Another legal objection relating to extraterritorial repercussions may stem from WTO law. Admittedly, the discussed kind of due diligence obligation may constitute indirect discrimination against some WTO Member States and thereby potentially run afoul of the most-favoured nation and the national treatment principle. Imposing the discussed type of EDD obligation may see production in countries of the Global South with relatively low environmental standards and weak local enforcement become disproportionately more costly than production in countries of the Global North with relatively high local standards and strong local enforcement. This may occur because to comply with the due diligence obligation, a duty bearer will need to spend more time and money on carrying out value chain due diligence when producing in countries with lower standards and weaker public enforcement compared to the production in countries with stronger standards and enforcement. This is because when producing in countries with higher standards the duty bearer may rely on the legitimate expectation that local standards and enforcement are sufficient or close to. Therefore, the discussed type of due diligence legislation may, arguably, result in indirect discriminating effects. Whether such indirect discrimination effects would amount to triggering GATT obligations will ultimately again depend on the enforcement mix. In this regard, the discussed enforcement by means of civil liability stands out again as rather unlikely to create such discriminating effects that could become relevant under WTO law.
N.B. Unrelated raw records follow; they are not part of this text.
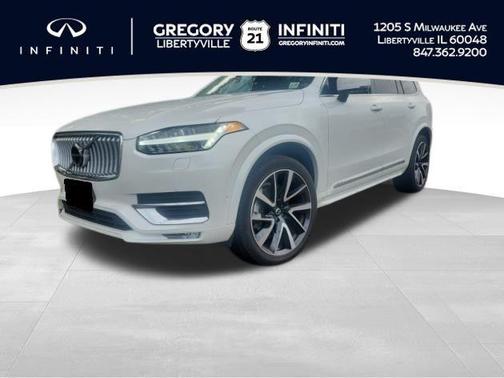 2024 Volvo XC90 B6 Plus Bright Theme 7-Seater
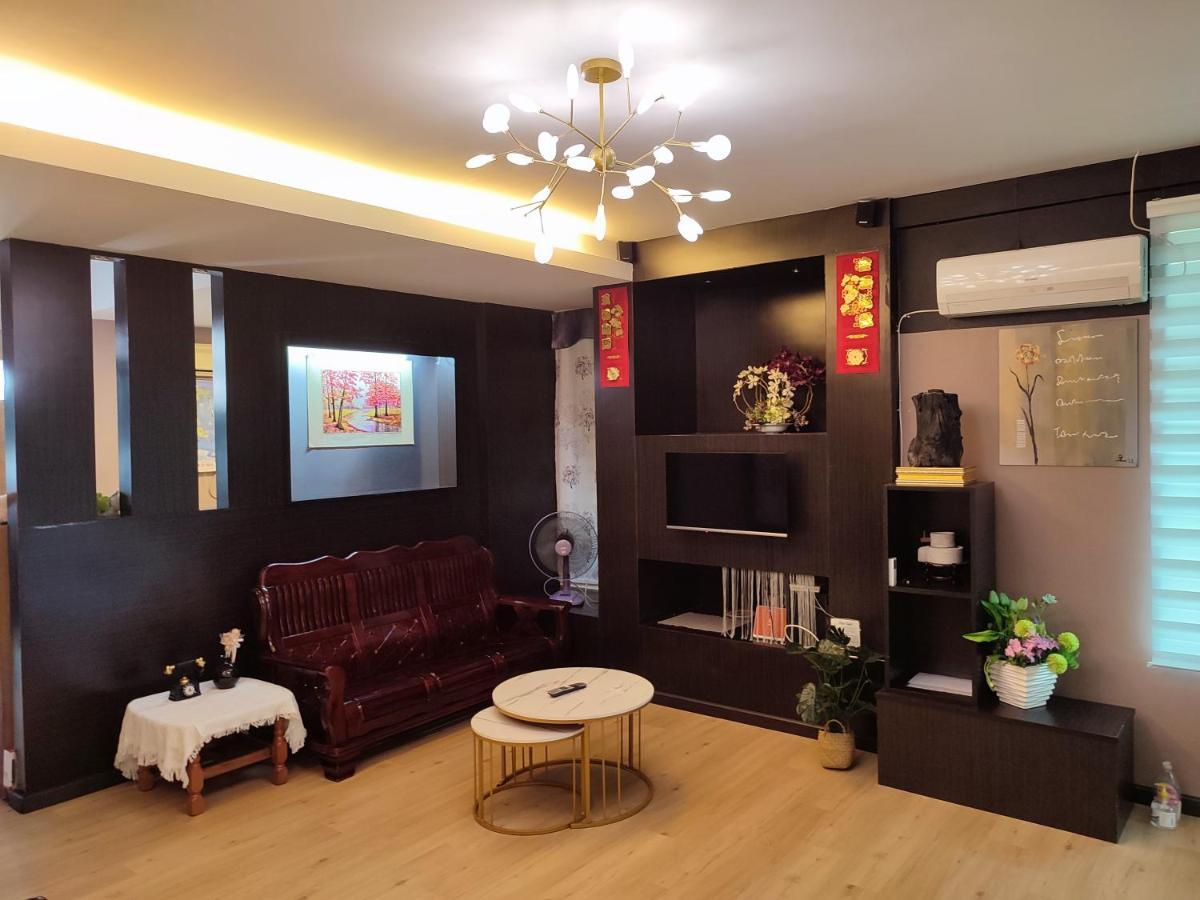 Kelly Homestay Sibu Exterior photo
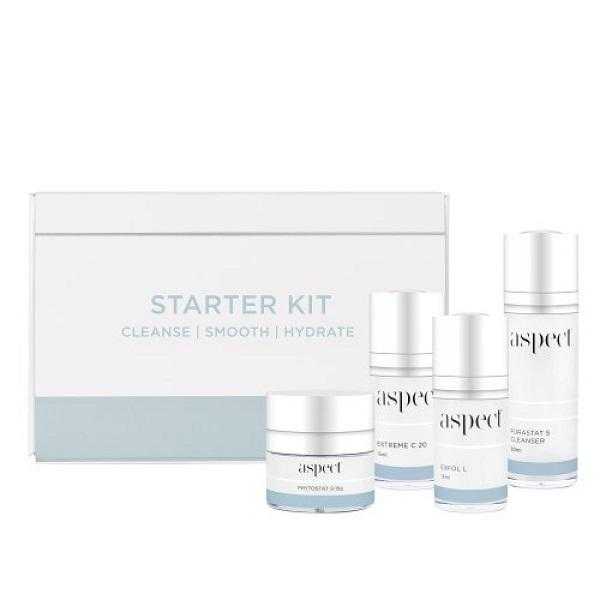 Aspect Starter Kit - Soho Skincare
However, a prima facie violation of GATT obligations can be justified pursuant to the exceptions in Article XX(a) (public morals), (b) (human, animal and plant life or health), and (g) (conservation of exhaustible natural resources) GATT. Justification based on item (a) would not raise any territoriality problems because the due diligence measure is designed to protect public morals on the regulating home State’s territory. However, the ‘extraterritoriality’ of the protected environmental goods abroad does not necessarily preclude justification under Article XX (b) and (g) GATT. While the issue of extraterritoriality under Art XX GATT has not been conclusively settled in the case law, the more recent Panel and Appellate Body reports point in direction of granting more generous exceptions. However, to be justified by one of the exceptions, the measure also needs to pass the test in the chapeau of Article XX GATT. Pursuant to the relevant case law, this requires, inter alia, serious efforts to negotiate, in good faith, a multilateral solution prior to implementing unilateral measures.

In conclusion, a comprehensive corporate environmental due diligence obligation in transnational value chains can be designed in a lawful manner in home State law. Enforcement by means of a civil liability regime appears to be an approach that is particularly immune to conceivable legal objections relating to the extraterritorial impact this kind of home State legislation potentially has.